NASAA Calls for State Authority to Disqualify "Bad Boys" from Rule 506 Offerings
In a statement issued yesterday, the North American Securities Administrators Association (NASAA) called upon the Senate to amend its proposed financial reform legislation to reinstitute the authority of the states to use their so-called "bad boy" provisions to disqualify recidivist securities violators from conducting private securities offerings under Rule 506 of federal Regulation D. Commenting on the most recent version of the Restoring American Financial Stability Act of 2010, NASAA President Denise Voigt Crawford expressed NASAA's belief that barring recidivists from conducting private placements would provide important investor protections against fraud, while not being detrimental to those legitimate issuers who use Rule 506 offerings almost exclusively to raise capital.

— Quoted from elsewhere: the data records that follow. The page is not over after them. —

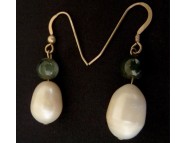 fresh water pearl earring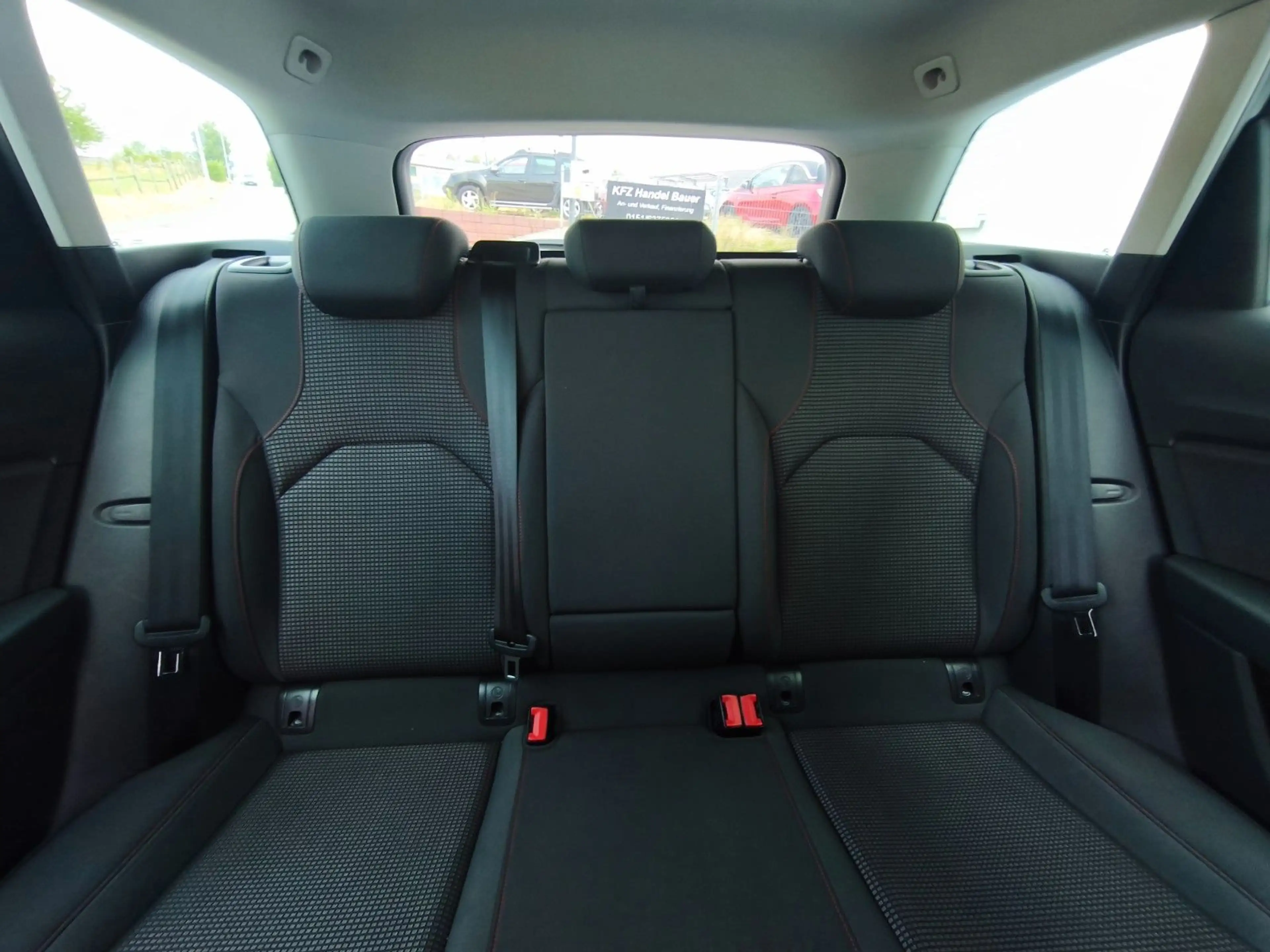 SEAT Leon ST FR, LED, PDC, NAVI, TEMPOMAT, TÜV NEU — photo 33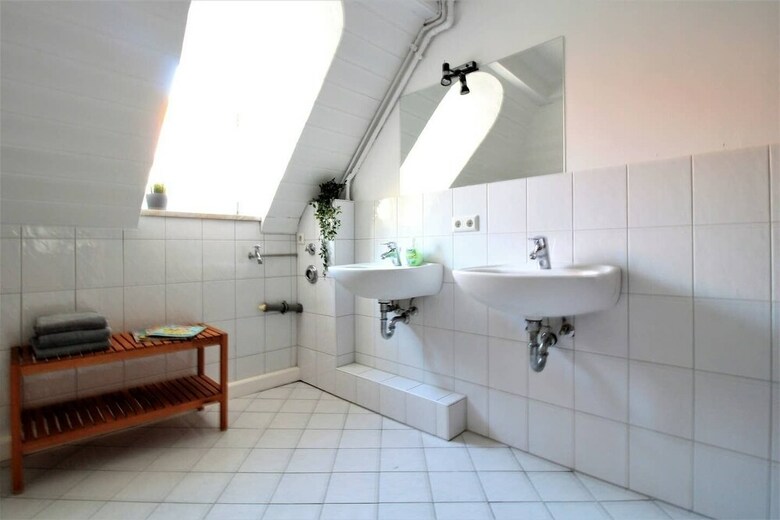Hotel Ger�umiger Altbau F�r Gro�e Gruppen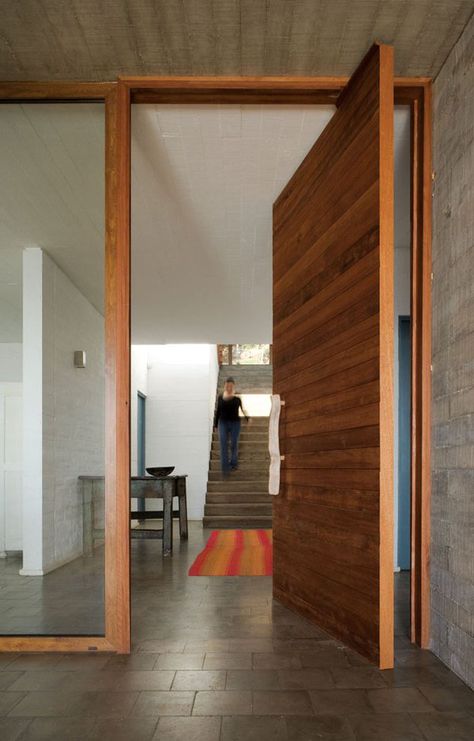 Wood-cladded dwelling in Chile with ocean views Pintu Interior, Wooden Front Doors, Wood Front Doors, Interior Minimalista, Front Door Entrance, Pivot Doors, Front Entry Doors, Front Door Design, Open Door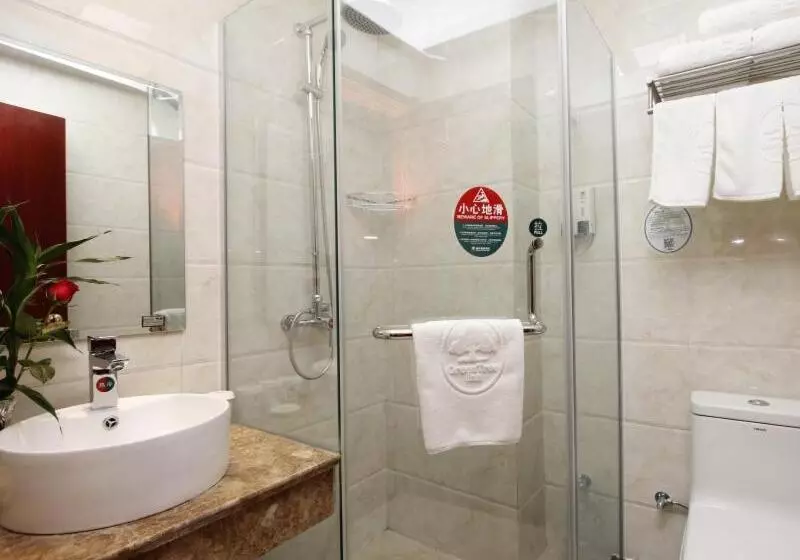 Hotelli Greentree Inn Shandong Rizhao Bus Station Fuhai Road Express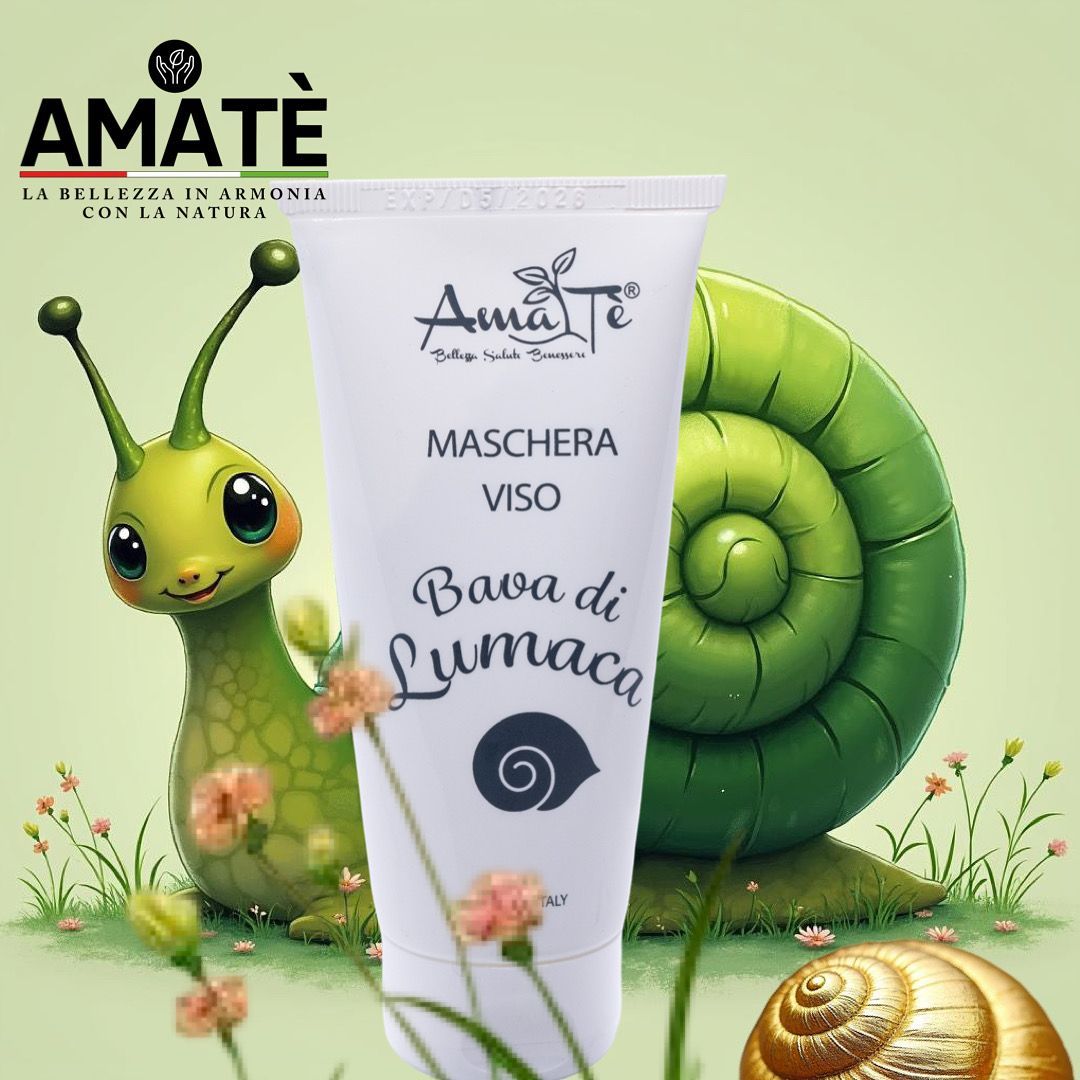 Tubo bianco con logo Amatè e testo: Maschera Viso Bava di Lumaca. Illustrazione: lumaca dei cartoni animati e fiori.
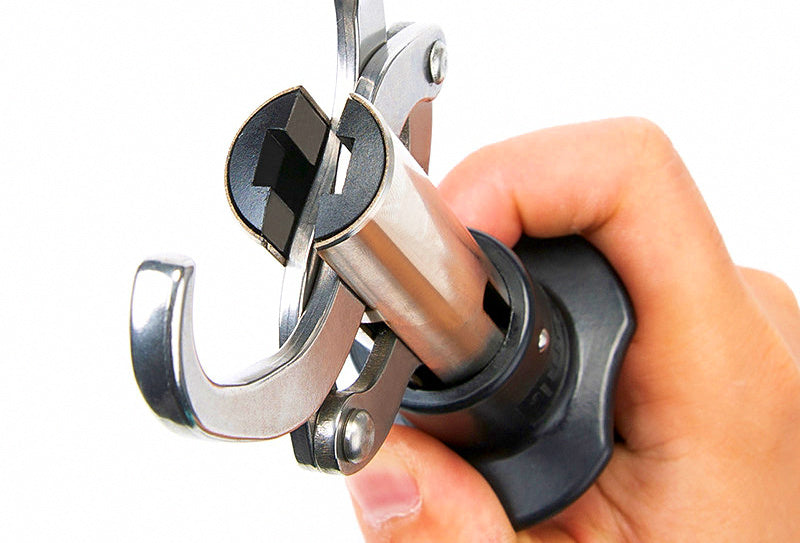 Stainless Steel Fish Gripper with Scale, Big Fish Lip Grip – product photo
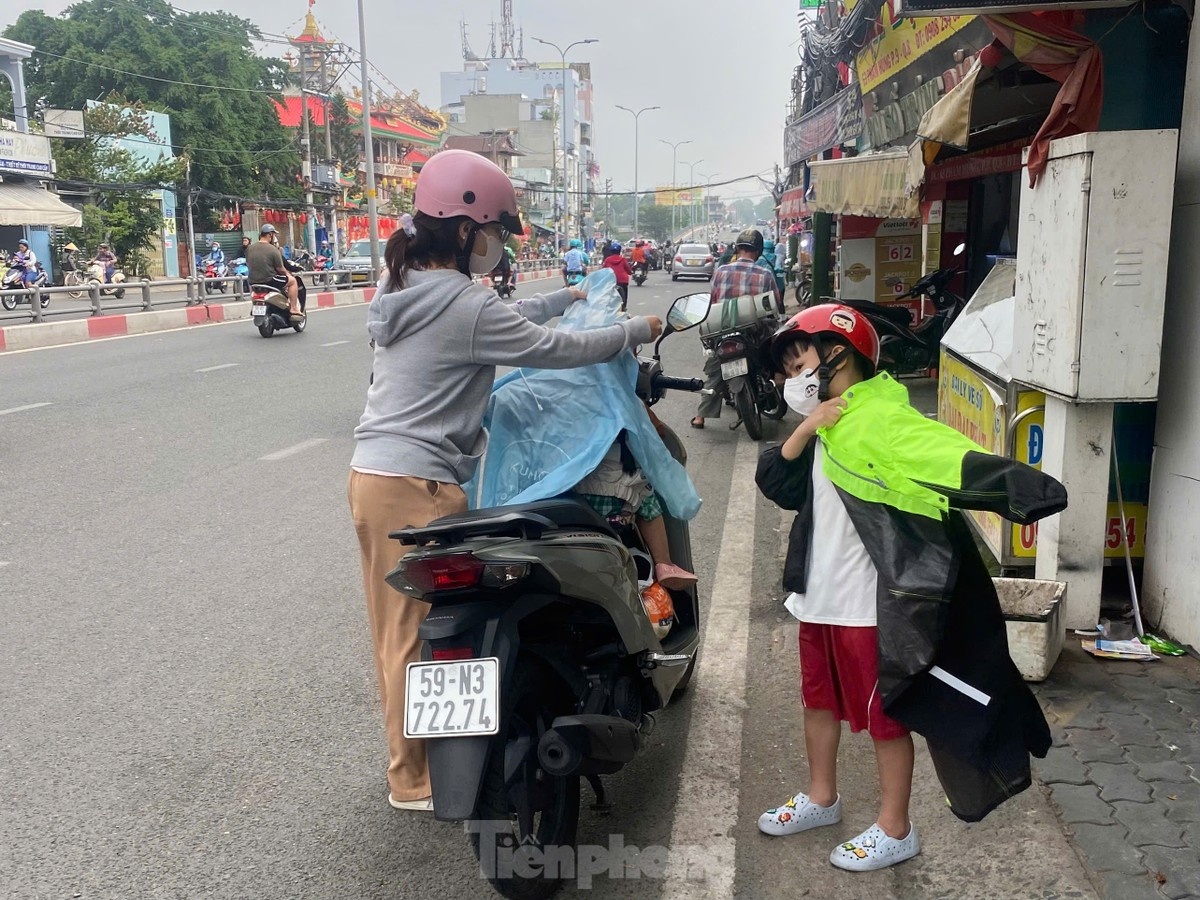 TP.HCM may mu trai mua anh 2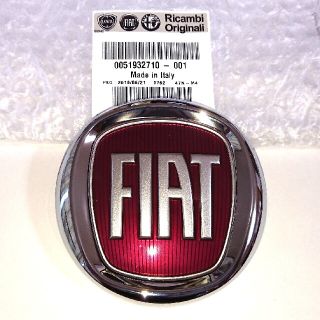 【純正 新品】フィアット 500 フロントエンブレム FIAT 51932710(車種別パーツ)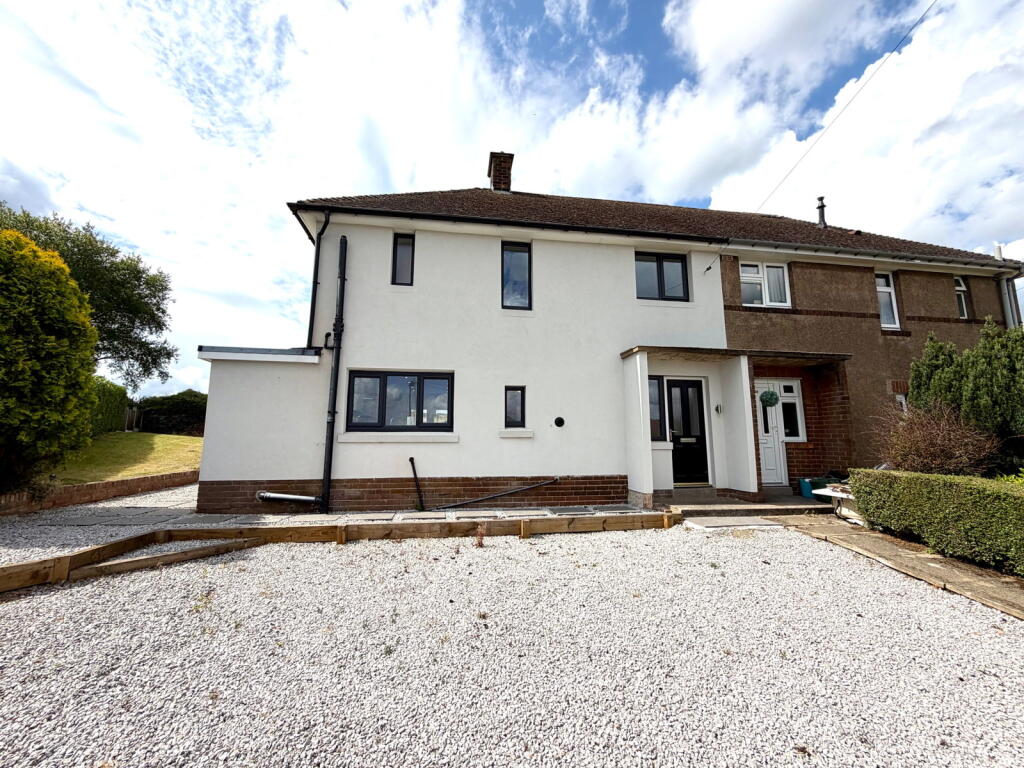 Westfield Avenue, Thurlstone, Sheffield, S36 9RL photo 4
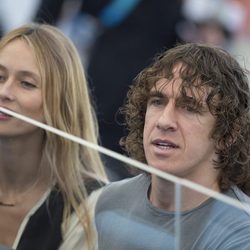 Carles Puyol con Vanesa Lorenzo tras entregar la Copa del Mundial de Brasil 2014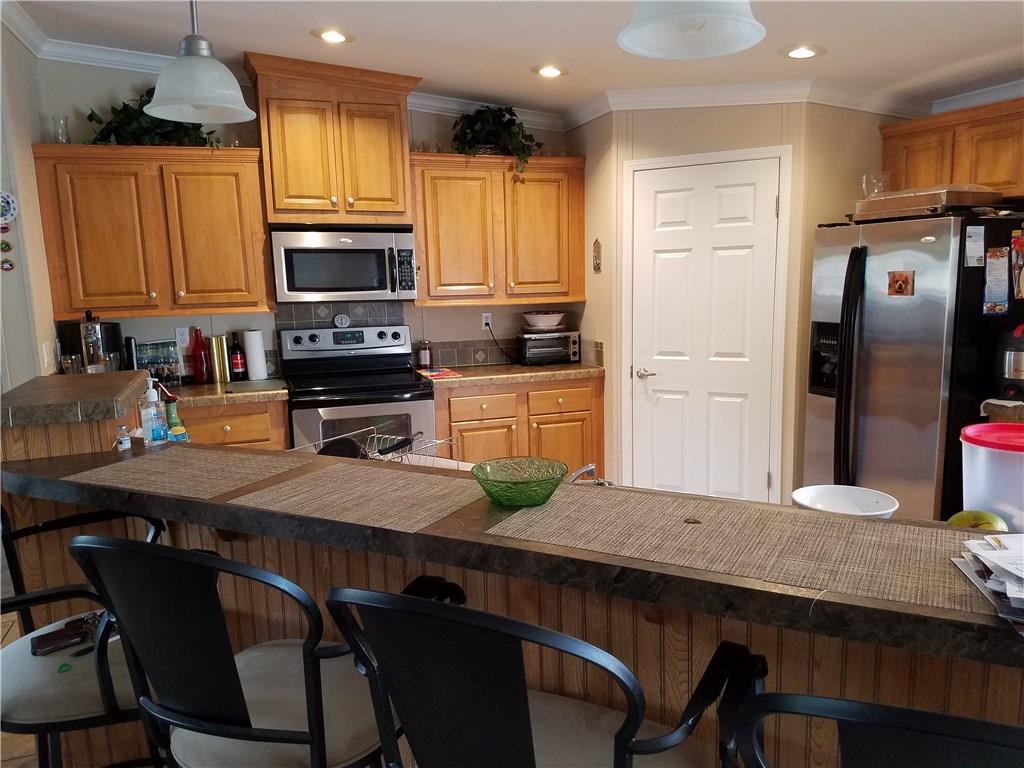 Watergate Mobile Home Unr - Residential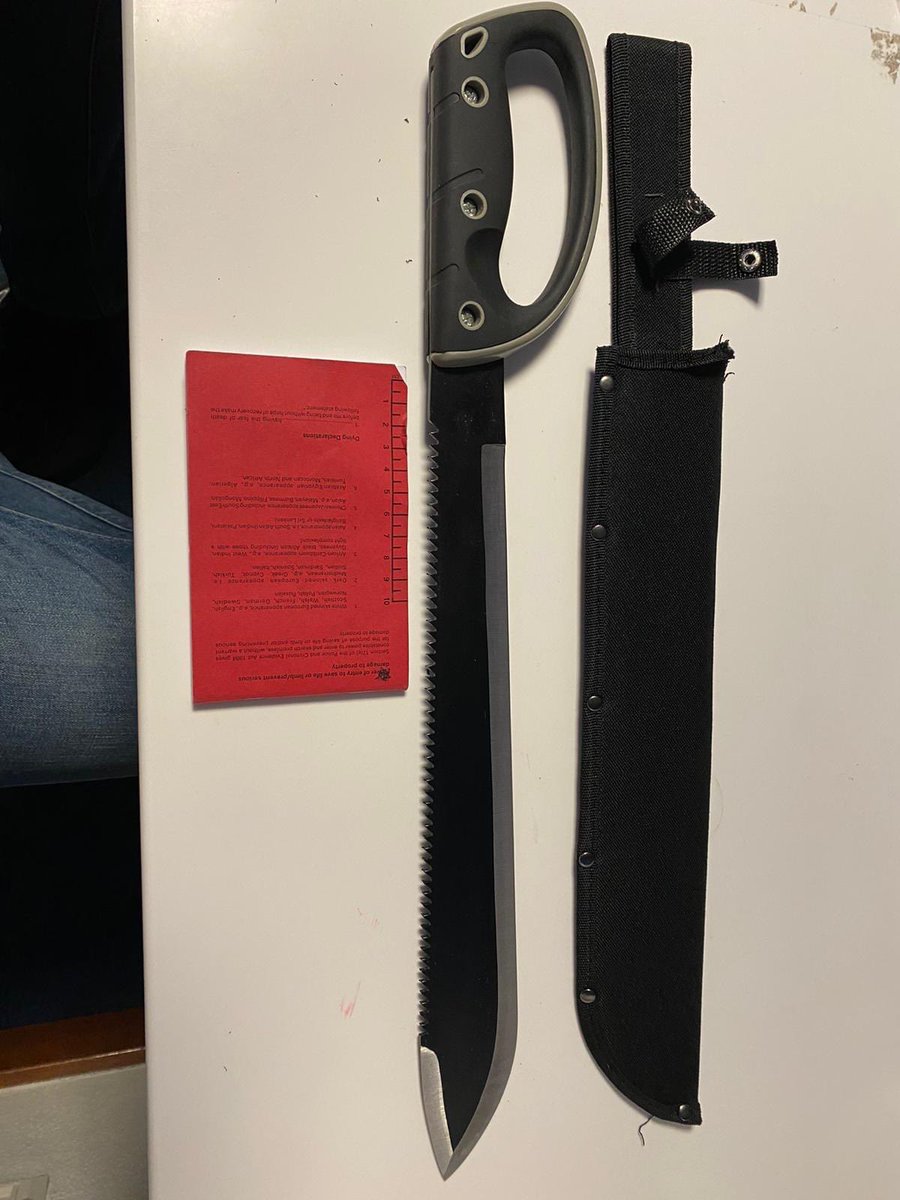 MPSLewisham's tweet image. ‼ Last night Officers from SE Violence Suppression Unit on pro active patrols stopped a SIXTEEN year old male and was subject to a Stop &amp;amp; Search. Officers unveiled an armoury of weapons on the male including machetes, a bottle of Amonia acid and also CS irritant spray.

“The bill's current language offers an unworkable regulatory review process, which, contrary to those who have mischaracterized our position on Reg D Rule 506 offerings, has not been called for by NASAA," Crawford said. "Such a process would impede capital formation in the United States, especially in the small business community and would add little to protect investors."
NASAA also called upon the Senate to restore to the states the ability to request and obtain a copy of an issuer's private placement memorandum when there is reason to believe that investors might be defrauded. As with the states' bad boy provisions, state laws which required issuers to furnish these documents were preempted by the passage of the National Securities Markets Improvement Act of 1996 (NSMIA).